Part of Nobumi Iyanaga's website. n-iyanag@ppp.bekkoame.ne.jp. 12/29/02.

logo picture

From Unicode to Styled Text conversion

My Unicode and MacOS, and Code converters page, which has been uploaded the first time on September 26th 2000, is now very dated, and should be updated entirely. As I don't have time, for now, to do so, this page only provides with a little new tip with which you can easily convert Unicode text files into legacy encoding files, with some special diacritical font(s) for transliteration of East-Asian text.

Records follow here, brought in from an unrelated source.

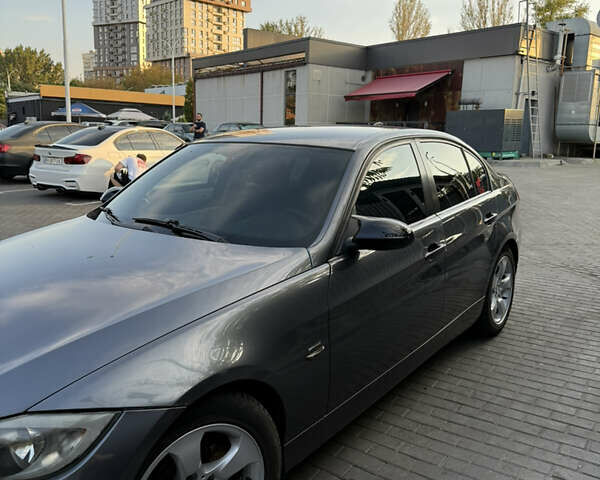 Серый БМВ 3 Серия, объемом двигателя 2 л и пробегом 330 тыс. км за 7300 $, фото 1 на Automoto.ua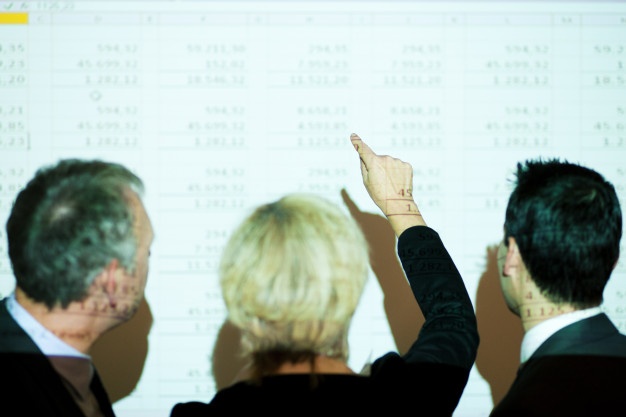 Geld verdienen mit Firma Kapitalgesellschaft Bilanz GmbH gründen Bürgschaften
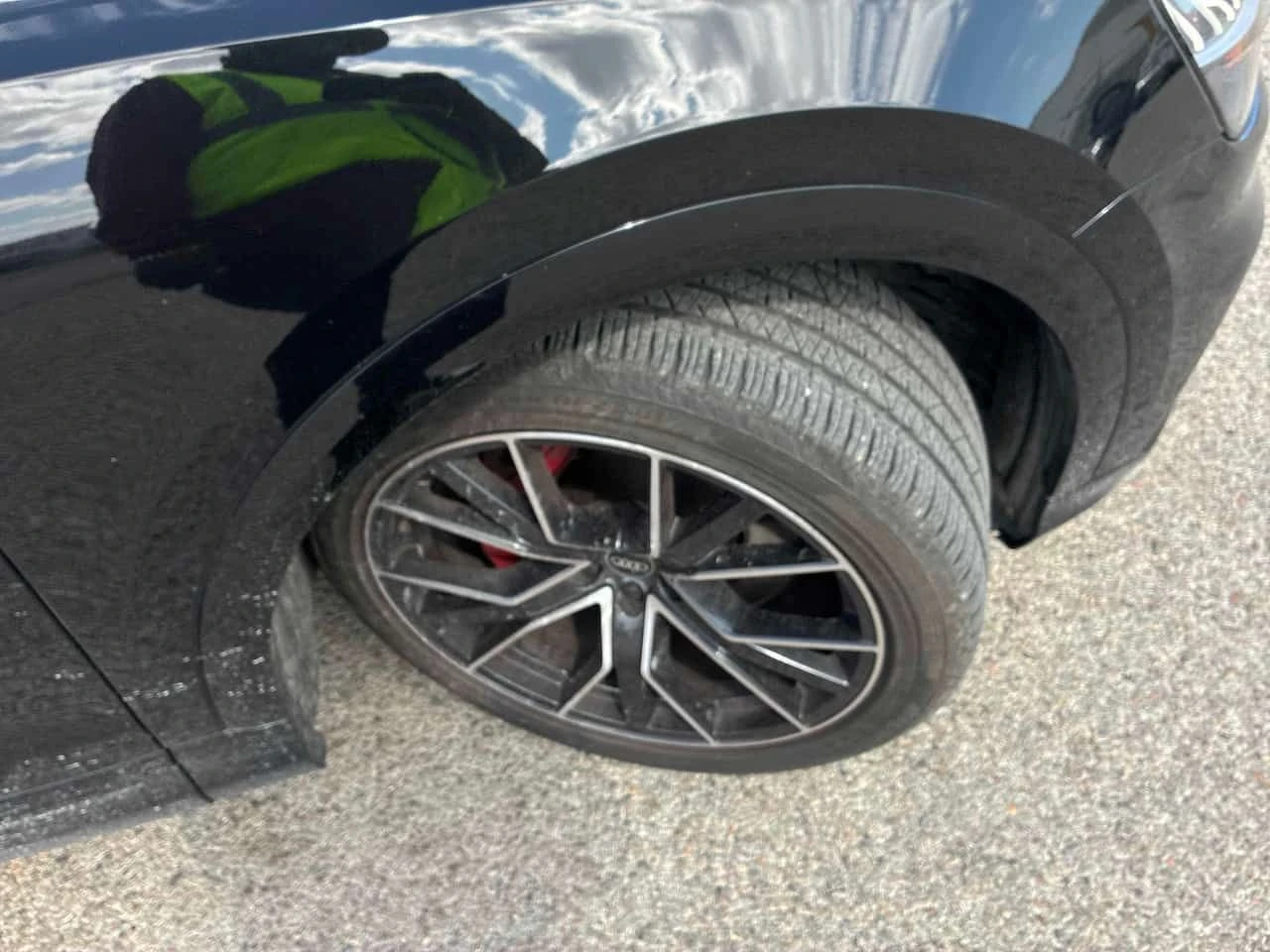 Audi SQ8 4.0 TFSI quattro | CARFAX | АВТОКРЕДИТ , снимка 6 - Автомобили и джипове - 55401514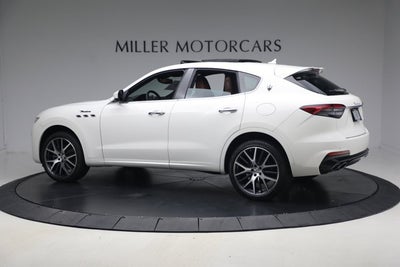 2022 Maserati Levante Modena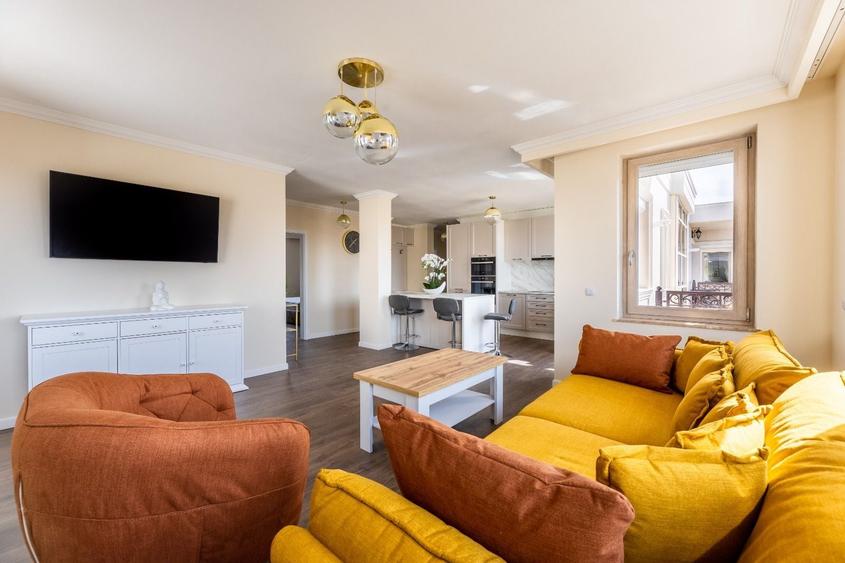 Apartament cu 3 camere decomandat, mobilat în Subcetate
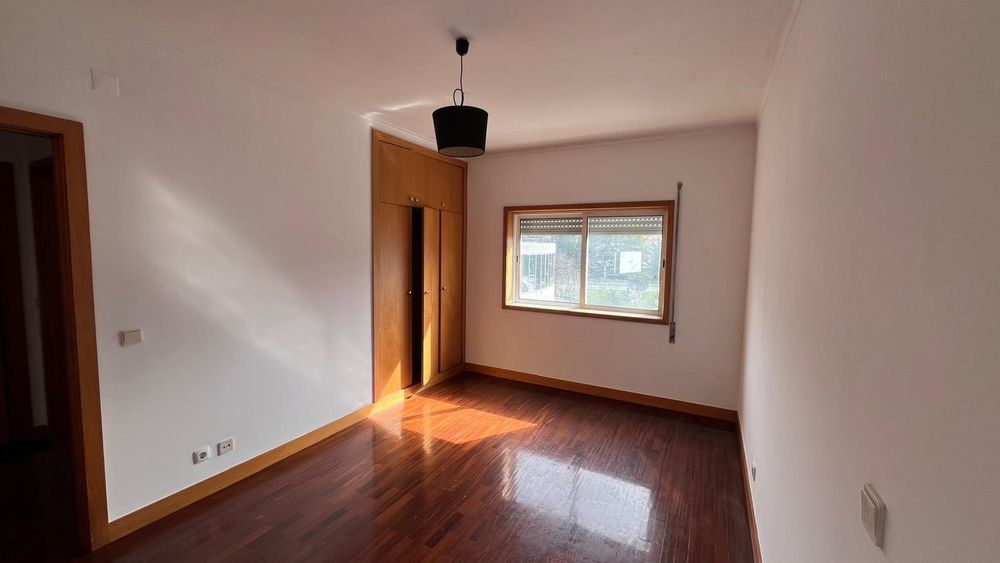 Arrenda-se Apartamento T2 - Braga - Lamaçães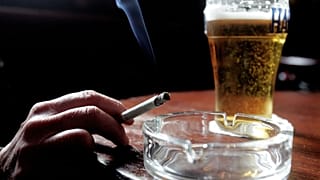 Tütün ve alkol, Avrupa'da hastalıklara neden olan endüstrilerin bir parçasıdır.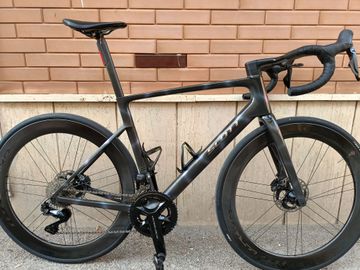 Tweedehands Scott Addict 10 2025 2025 Road & Gravel — afbeelding 2 van 7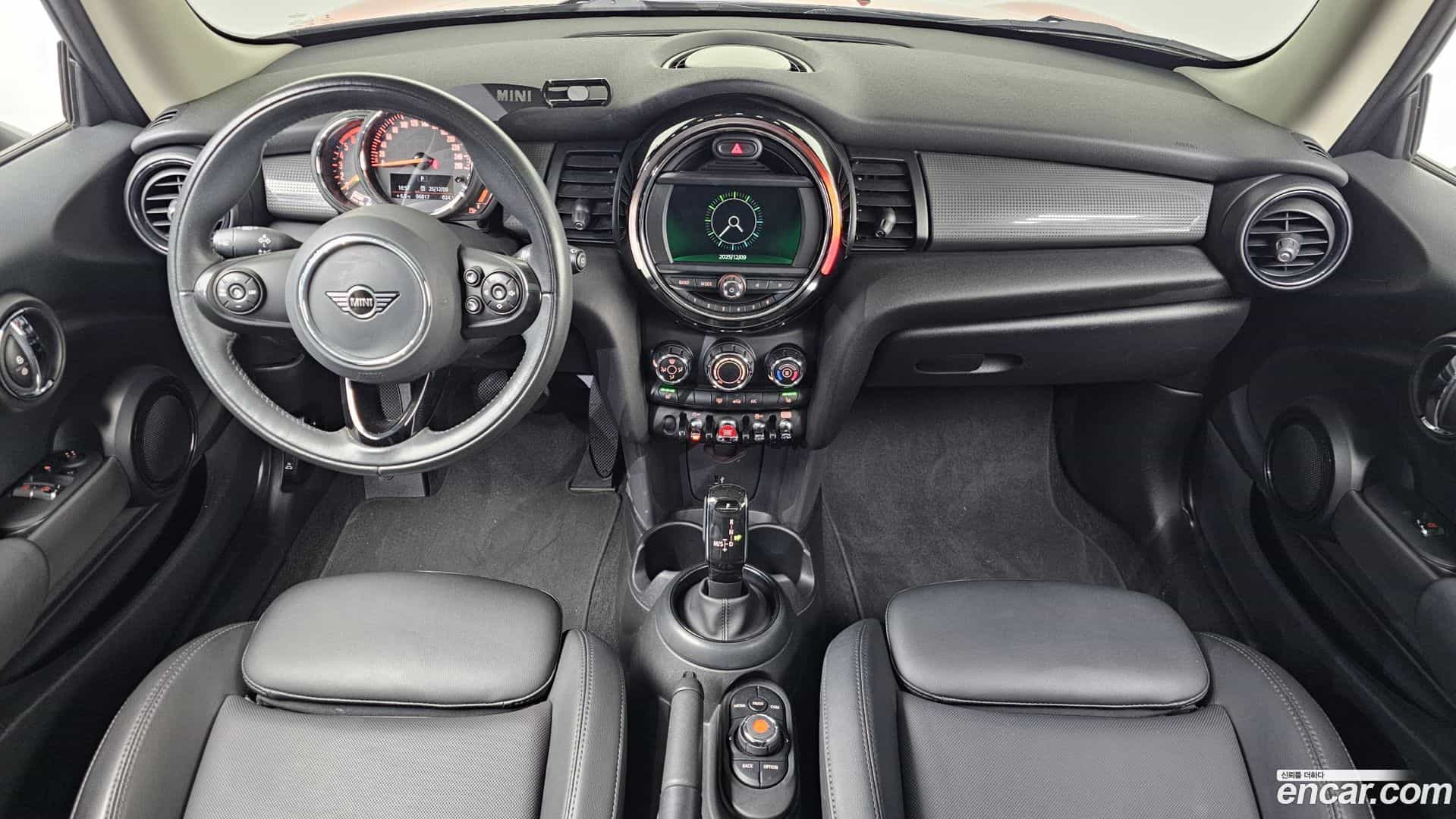 Cooper Mini 2019.6-INNER-007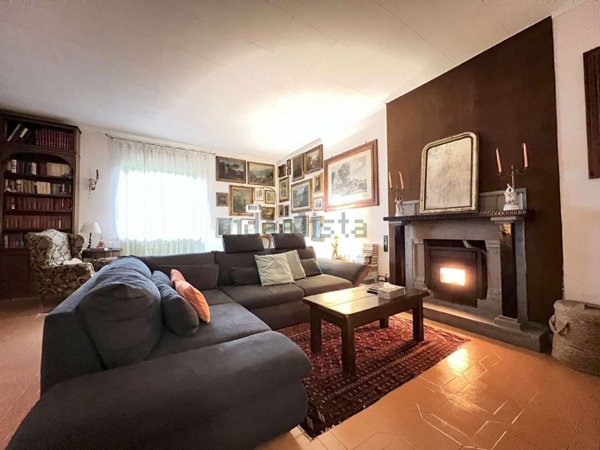 casa indipendente in vendita a Castel Gandolfo in zona Pavona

As I already wrote in my Unicode and MacOS, and Code converters page, it is easy to convert from Unicode text (or text files) into multilingual styled text (files), using TEC OSAX; but if the original text contains special diacritical characters, like vowels with macron, some consonants with dot below, etc., they will be rendered as "?" in the converted text. Even if we use the Perl script Uni2Multi created by Nowral-san, these characters will be converted into their hexadecimal representations.

But it is easy, in fact, to customize this script, if we know how this script works. This script comes with a folder named "APPLE", in which are gathered all the conversion tables between Apple's legacy encodings (which use Apple's Language Kits) and Unicode. At the bottom of the script, there are some data lines like the following:

ROMAN.TXT 2
JAPANESE.TXT 16384
CHINTRAD.TXT 16896
CHINSIMP.TXT 28672
SYMBOL.TXT Symbol
DINGBATS.TXT Dingbats
KOREAN.TXT 17408
ARABIC.TXT 17920
CENTEURO.TXT
CORPCHAR.TXT
CROATIAN.TXT

This is a tab and return delimited data: each line corresponds to a script (MacRoman, Japanese, etc.); the first field is the name of the file containing the conversion table; the Perl script reads these files; and the second field is either the fontID number or the font name of the default font used for the corresponding script (some of the scripts lack this information -- in these cases, the conversion table files will not be read).

So, what is needed is to make a conversion table of the diacritical font that you use, and place that file in the folder named "APPLE"; and you will add the name of that file, with the name of that font, in these data lines. Suppose that you usually use the font named "Appeal": you will make a conversion table between the glyphs of that font and Unicode; you will name it "Appeal.TXT", and save it in "APPLE" folder; then you will add this single line after "ROMAN.TXT    2":

Appeal.TXT    Appeal

Now, how to create these conversion table? This is easy also, because we already have tables of correspondences between different diacritical fonts and Unicode (see my another page East Asian Diacritical Fonts and Unicode). I wrote a Nisus macro which generates the needed conversion tables from these tables of correspondence in Nisus format (that you can download from http://www.bekkoame.ne.jp/~n-iyanag/researchTools/diacritical_fonts_download/nisus_tables.sit.hqx). These conversion tables, for the fonts "Appeal", "ITimesSkRom", "Hobogirin", "MyTimes", "Norman", "Normyn" and "Times_Norman", have this format:

hex of diacritical font    hex of Unicode eqivalent    #glyph's description

Any lines beginning with "#" will be ignored by the Perl script. The tables generated automatically with this macro are perhaps not perfect, but they can certainly be used. You can download from here (40 KB) these tables along with the Nisus macro named "diacriticalFontTable_macro".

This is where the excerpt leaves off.